--- Record extracts Enclosed Below ---

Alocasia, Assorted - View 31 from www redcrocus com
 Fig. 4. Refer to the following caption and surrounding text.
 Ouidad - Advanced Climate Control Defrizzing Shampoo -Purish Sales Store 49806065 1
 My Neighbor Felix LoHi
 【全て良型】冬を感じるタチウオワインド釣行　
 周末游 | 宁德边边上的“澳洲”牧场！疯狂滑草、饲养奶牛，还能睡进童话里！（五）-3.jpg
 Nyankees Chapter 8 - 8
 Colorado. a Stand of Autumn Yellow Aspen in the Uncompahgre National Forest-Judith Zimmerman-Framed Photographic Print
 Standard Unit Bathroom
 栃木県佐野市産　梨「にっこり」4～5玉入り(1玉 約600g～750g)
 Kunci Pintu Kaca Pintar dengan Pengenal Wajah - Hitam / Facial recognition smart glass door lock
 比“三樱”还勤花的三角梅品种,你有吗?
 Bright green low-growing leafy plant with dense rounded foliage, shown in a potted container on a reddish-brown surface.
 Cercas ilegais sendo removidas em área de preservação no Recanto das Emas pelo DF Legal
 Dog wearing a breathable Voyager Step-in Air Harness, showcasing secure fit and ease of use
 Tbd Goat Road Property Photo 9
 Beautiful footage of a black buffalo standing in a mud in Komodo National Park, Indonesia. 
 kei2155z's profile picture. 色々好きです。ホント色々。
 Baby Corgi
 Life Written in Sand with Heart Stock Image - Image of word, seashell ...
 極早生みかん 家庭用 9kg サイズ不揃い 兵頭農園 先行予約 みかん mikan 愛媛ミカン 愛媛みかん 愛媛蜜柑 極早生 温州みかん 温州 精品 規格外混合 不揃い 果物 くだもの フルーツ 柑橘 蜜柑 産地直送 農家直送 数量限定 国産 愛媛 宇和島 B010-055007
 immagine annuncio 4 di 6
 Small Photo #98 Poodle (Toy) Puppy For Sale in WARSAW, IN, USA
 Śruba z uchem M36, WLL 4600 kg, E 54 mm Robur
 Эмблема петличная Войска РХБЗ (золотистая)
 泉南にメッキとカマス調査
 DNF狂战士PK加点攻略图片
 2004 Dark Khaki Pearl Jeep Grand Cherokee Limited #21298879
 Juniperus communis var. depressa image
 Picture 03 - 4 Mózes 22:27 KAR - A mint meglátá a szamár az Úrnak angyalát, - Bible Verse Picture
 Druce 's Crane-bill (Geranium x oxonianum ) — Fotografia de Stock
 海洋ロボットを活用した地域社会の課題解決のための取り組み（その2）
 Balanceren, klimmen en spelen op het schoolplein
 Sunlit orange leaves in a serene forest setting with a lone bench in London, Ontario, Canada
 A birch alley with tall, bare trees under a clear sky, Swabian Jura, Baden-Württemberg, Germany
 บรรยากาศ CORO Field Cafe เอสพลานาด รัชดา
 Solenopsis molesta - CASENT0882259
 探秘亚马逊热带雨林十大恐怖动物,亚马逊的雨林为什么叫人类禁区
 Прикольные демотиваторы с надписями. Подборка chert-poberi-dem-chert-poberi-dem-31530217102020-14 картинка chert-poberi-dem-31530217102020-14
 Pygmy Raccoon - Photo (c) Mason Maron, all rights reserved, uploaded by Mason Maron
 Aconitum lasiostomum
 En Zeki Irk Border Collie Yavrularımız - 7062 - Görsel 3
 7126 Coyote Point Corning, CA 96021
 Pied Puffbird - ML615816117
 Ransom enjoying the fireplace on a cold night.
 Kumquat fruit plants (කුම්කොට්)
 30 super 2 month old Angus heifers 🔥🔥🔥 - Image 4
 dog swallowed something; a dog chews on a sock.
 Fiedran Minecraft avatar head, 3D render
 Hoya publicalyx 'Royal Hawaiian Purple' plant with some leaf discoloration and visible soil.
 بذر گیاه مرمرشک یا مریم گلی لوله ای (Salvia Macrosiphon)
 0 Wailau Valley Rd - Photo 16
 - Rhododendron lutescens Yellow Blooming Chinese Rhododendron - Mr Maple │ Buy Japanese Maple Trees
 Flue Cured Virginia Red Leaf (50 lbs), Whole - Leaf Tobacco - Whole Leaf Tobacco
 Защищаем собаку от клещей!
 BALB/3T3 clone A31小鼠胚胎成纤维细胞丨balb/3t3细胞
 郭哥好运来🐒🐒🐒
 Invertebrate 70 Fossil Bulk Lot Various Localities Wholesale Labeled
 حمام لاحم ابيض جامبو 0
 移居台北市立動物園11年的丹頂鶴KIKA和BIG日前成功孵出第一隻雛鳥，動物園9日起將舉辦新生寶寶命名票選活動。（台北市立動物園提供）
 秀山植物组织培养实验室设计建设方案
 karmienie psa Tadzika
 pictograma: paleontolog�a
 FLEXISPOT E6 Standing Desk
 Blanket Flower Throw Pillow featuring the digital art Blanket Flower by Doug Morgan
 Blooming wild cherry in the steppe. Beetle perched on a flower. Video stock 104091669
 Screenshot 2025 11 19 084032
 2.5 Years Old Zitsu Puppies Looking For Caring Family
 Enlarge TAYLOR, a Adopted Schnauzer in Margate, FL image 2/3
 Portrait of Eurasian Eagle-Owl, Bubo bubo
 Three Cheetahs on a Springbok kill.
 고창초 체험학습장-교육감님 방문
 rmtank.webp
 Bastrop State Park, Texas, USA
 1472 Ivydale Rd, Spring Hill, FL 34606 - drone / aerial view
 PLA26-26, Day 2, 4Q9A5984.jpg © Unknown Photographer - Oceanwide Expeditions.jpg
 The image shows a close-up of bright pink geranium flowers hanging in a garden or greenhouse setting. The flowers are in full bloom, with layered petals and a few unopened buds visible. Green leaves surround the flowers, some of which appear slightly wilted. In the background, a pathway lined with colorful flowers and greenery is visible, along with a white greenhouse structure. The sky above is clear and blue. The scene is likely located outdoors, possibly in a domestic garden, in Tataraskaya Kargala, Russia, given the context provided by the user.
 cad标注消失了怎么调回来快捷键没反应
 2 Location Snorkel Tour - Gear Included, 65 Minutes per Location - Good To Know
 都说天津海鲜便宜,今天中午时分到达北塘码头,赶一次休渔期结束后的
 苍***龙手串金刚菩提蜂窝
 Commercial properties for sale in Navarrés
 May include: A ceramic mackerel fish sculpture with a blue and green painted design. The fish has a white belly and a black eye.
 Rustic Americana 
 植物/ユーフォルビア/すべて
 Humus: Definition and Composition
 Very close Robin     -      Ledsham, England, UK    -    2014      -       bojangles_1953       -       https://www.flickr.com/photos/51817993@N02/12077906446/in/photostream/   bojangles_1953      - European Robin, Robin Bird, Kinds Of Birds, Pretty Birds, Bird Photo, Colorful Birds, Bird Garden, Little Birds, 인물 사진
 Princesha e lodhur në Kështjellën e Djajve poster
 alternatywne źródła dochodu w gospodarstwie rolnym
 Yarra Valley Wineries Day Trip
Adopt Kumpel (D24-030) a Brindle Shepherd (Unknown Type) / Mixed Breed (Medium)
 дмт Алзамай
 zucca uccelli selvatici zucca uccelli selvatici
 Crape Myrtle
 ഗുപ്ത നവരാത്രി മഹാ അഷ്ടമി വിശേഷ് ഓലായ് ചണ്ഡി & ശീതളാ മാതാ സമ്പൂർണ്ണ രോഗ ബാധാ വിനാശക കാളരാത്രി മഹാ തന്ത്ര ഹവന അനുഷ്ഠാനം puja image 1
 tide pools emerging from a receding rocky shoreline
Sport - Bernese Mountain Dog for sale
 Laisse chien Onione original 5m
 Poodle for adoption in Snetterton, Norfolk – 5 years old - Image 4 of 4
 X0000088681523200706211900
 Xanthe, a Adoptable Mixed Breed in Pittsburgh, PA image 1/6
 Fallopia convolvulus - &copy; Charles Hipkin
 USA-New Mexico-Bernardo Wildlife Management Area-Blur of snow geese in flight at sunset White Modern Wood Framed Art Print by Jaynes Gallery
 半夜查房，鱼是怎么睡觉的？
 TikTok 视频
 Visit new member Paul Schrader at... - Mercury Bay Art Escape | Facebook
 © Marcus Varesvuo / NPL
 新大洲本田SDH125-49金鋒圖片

--- End of Enclosed Record extracts ---

**Task prompt**
Nothing but the lines from the start of the data above through the line with "Nyankees Chapter 8 - 8" should appear in your answer, copied exactly.

**Task output**
Alocasia, Assorted - View 31 from www redcrocus com
 Fig. 4. Refer to the following caption and surrounding text.
 Ouidad - Advanced Climate Control Defrizzing Shampoo -Purish Sales Store 49806065 1
 My Neighbor Felix LoHi
 【全て良型】冬を感じるタチウオワインド釣行　
 周末游 | 宁德边边上的“澳洲”牧场！疯狂滑草、饲养奶牛，还能睡进童话里！（五）-3.jpg
 Nyankees Chapter 8 - 8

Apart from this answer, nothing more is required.